The data were analysed using STATA 11 standard edition software (StataCorp, TX, USA). The data were summarized using frequency tables and cross tabulation. Cross tabulation was done to assess the association between knowledge of the benefits of under-five vaccination and awareness of the forthcoming malaria vaccine; and between knowledge of the benefits of under-five vaccination and willingness to use a malaria vaccine. Categorical data was reported with numbers and percentage and their associated p values. Cross tabulation and Chi square was used to test association between variables in a two by two table. Fisher’s exact test was used to compare proportions in two by two tables where expected value in a cell was less than five. Univariate logistic regression was used to determine the magnitude of association for each exposure variable and outcome variable. Variables that showed association at a 0.25 significance level in univariate analysis were considered as candidates for the multivariate analysis. Multiple logistic regressions were used to determine the association between willingness and the primary exposure variable, while controlling for possible confounders. P values of less than or equal to 0.05 were considered significant.

Ethical approval

The study was part of the Tanzanian Integrated Measles Campaign (IMC) survey in November 2011 and received ethical approval from the Institutional Review Boards of Ifakara Health Institute. Written informed consent was obtained from all participants prior to the start of the interviews.

Results

Data was collected using structured questionnaires (Additional file 1) that assessed mothers of eligible children on awareness and willingness to use a malaria vaccine, health benefits of vaccinating under-five children, mode of administering malaria vaccine and its proposed schedule. The study involved 5502 mothers whom were asked about awareness of the forthcoming malaria vaccine, 11.8 % of participants in mainland Tanzania responded affirmatively, compared to 3.4 % in Zanzibar (Additional file 2); (p value <0.0001) (Table 1). 94.5 % of respondents were willing to take their children to get malaria vaccination, with a slight difference between mainland Tanzania (94.3 %) and Zanzibar (96.8 %) (Additional file 2); (p value = 0.0167) (Table 1).
Table 1

Comparison of perceived indicators of malaria vaccine between Zanzibar and Mainland, Tanzania

Perceived indicator

Zanzibar

Mainland

p value

Willingness

96.8 (511/528)

94.3 (4690/4974)

0.0167

Awareness

3.4 (18/528)

11.8 (589/4974)

<0.0001

Benefit

87.9 (464/528)

88.5 (4400/4974)

0.6917

Delivery mode

68.8 (363/528)

82.6 (4110/4974)

<0.0001

Proposed schedule

87.1 (460/528)

86.7 (4312/4974)

0.7816

ITN ownership

73.1 (386/528)

71.5 (3557/4974)

0.4380

Received EPI vaccines

90.8 (1316/1449)

83.8 (3353/4001)

<0.0001

Received measles vaccines

72.3 (1109/1534)

72.2 (5412/7498)

0.9378

Most (88.4 %) of the respondents reported knowing the benefits of vaccinating children under-five, with 88.5 %in mainland Tanzania and 87.9 % in Zanzibar (Additional file 3). The difference was not statistically significant (p value = 0.6917) (Table 1). The majority (81.3 %) of respondents reported accepting the mode of administering the malaria vaccine (2-3 jabs), with a high proportion (82.6 %) of acceptability among mainland Tanzanians than in Zanzibar (68.8 %) (Additional file 3); (p value <0.0001) (Table 1). Most (86.7 %) respondents would send their children for malaria vaccine according to the proposed schedule, with 86.7 % of respondents in mainland Tanzania and 87.1 % of respondents in Zanzibar (Additional file 3); the difference was not statistically significant (p value = 0.7816) (Table 1).

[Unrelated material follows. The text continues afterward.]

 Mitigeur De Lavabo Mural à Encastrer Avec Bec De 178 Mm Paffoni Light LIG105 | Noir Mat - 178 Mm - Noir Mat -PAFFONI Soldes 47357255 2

The proportion of respondents with knowledge of malaria prevention, mainly ITN ownership, was 71.7 % overall, and slightly higher in Zanzibar (73.1 %) as compared to mainland Tanzania (71.5 %); the difference was not significant (p value = 0.4380, Table 1). Respondents whose children received EPI vaccines were 84 % overall and significantly (90.8 %) in Zanzibar compared to mainland Tanzania (83.8 %). However, respondents whose children received EPI vaccines were statistically significant (p value <0.0001, Table 1). Overall, 72.2 % of respondents whose children received measles vaccines, respondents whose children received measles vaccines were similar between Zanzibar (72.3 %) and mainland Tanzania (72.2 %). The difference was not statistically significant (p value = 0.9378, Table 1).

Discussion

Understanding community perceptions can help to identify issues to guide policy decisions for introducing the malaria vaccine. These findings are similar to studies documenting the need for early planning for new interventions, essential for policy decision making and relevant information can speed up the efforts to facilitate its implementation [20]. Understanding community perceptions of a malaria vaccine also helps to inform country programme managers responsible for National Malaria Control Programme (NMCP) and EPI/IVB priority setting and planning.

The low (11 %) level of awareness of the forthcoming malaria vaccine and high (94.5 %) willingness to use a malaria vaccine were similar to those found by Colon-Lopez and others for HPV vaccination in Puerto Rico [24], which also indicated low (28.3 %) level of awareness of and high (76.9 %) willingness to use HPV vaccines. Both findings come from settings where none of the study participants had been vaccinated. Despite low awareness about vaccine, mothers are still willing to vaccinate their children. This finding suggests that knowledge does not lead to achievement of vaccine coverage. This is quite consistent in many low-income countries. Thus, creating awareness of the malaria vaccine would be effective; although, currently understanding among respondents is low because the malaria vaccine is new and most people had not yet learned about it. Informing women about the malaria vaccine would likely increase women’s interest in their willingness to use a malaria vaccine. Creating awareness of malaria vaccine could reveal policy-related issues that, once addressed, could facilitate delivery of malaria interventions [9] and child vaccinations [25].

Willingness to use a malaria vaccine was compared to the knowledge of the benefits of vaccinating children under-five. This finding is consistent with others’ findings in Kenya and Ghana that showed wide spread knowledge of childhood vaccinations [12]; in Ghana, over 90 % of respondents understood that the malaria vaccine had benefits related to child vaccinations [12, 16, 25, 26]. Contrary to the study conducted when malaria vaccine efficacy results were not yet available, the level of willingness to use a malaria vaccine differed when respondents considered low efficacy results compared to other childhood vaccines [16, 27]. Knowledge of existing routine immunization schedules and benefits increased the level of willingness to use a malaria vaccine. The structure of the EPI programme in Tanzania is widely spread and accessible to the majority of Tanzanian women. As the malaria vaccine is expected to be delivered through the EPI programme, women would expect the vaccine’s benefits to be in line with those of other routine vaccinations. Therefore, informing women about the benefits of vaccinating children under-five is likely to increase women’s interest in the forthcoming malaria vaccine and their willingness to use it.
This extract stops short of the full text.